### [Aim of the exercise]
From the first line of the listing to the last, set down everything exactly, but skip the images.

### [Data section]
- - - - -

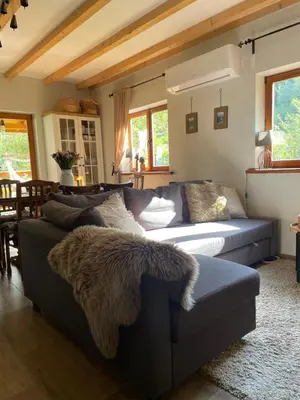 a living room with a blue couch with a blanket at Dom w górach - Jelenia Chata in Zawoja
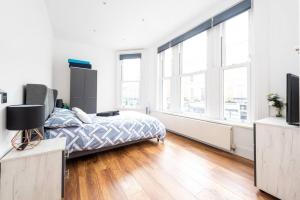 um quarto com uma cama e janelas grandes em Beautiful Apartment by Hyde Park SS2 em Londres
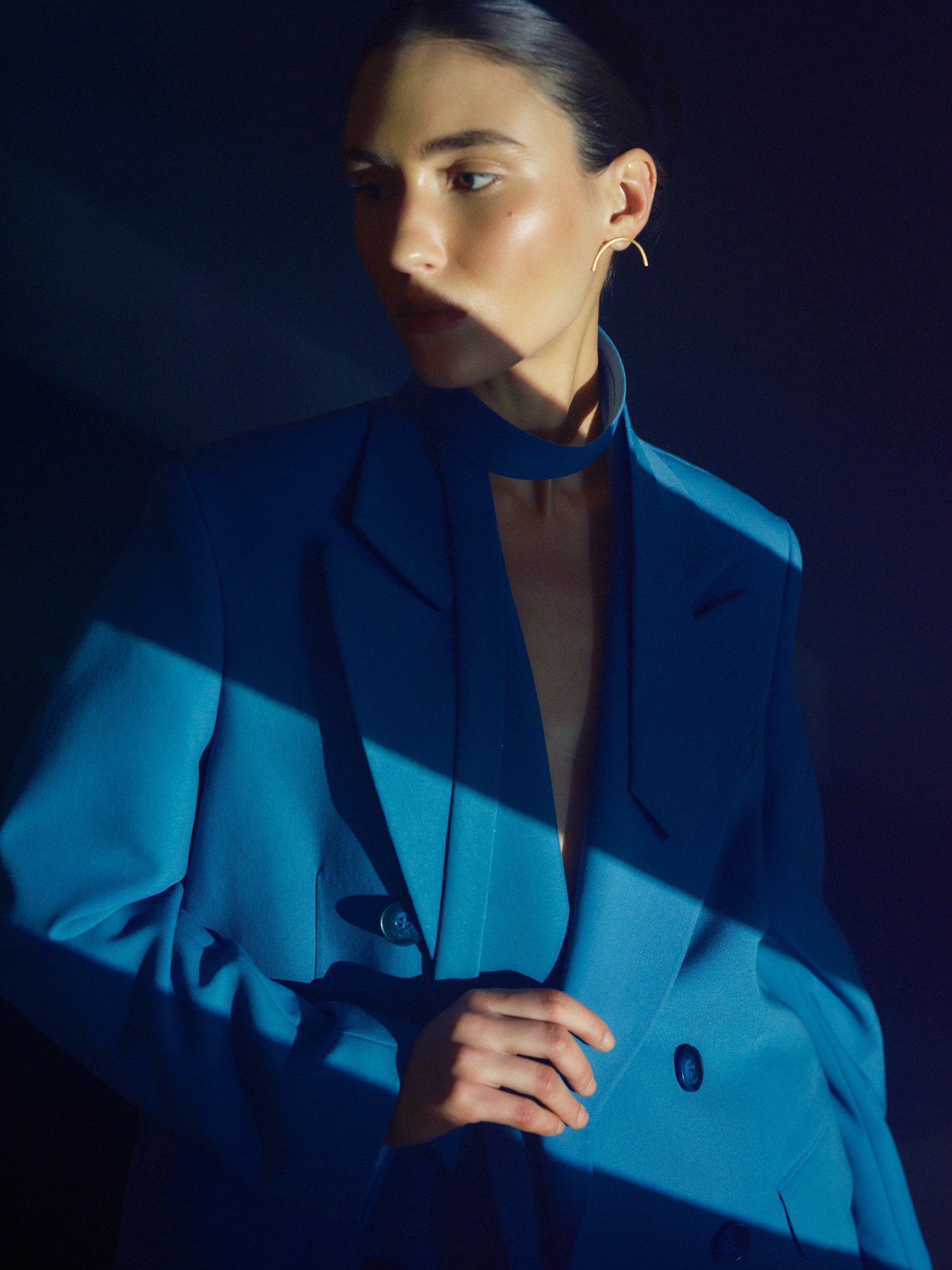 A woman wearing a blue suit with a high collar and gold earrings, standing against a dark background with dramatic lighting.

- - - - -

### [Result of the task]
 a living room with a blue couch with a blanket at Dom w górach - Jelenia Chata in Zawoja
 um quarto com uma cama e janelas grandes em Beautiful Apartment by Hyde Park SS2 em Londres
 A woman wearing a blue suit with a high collar and gold earrings, standing against a dark background with dramatic lighting.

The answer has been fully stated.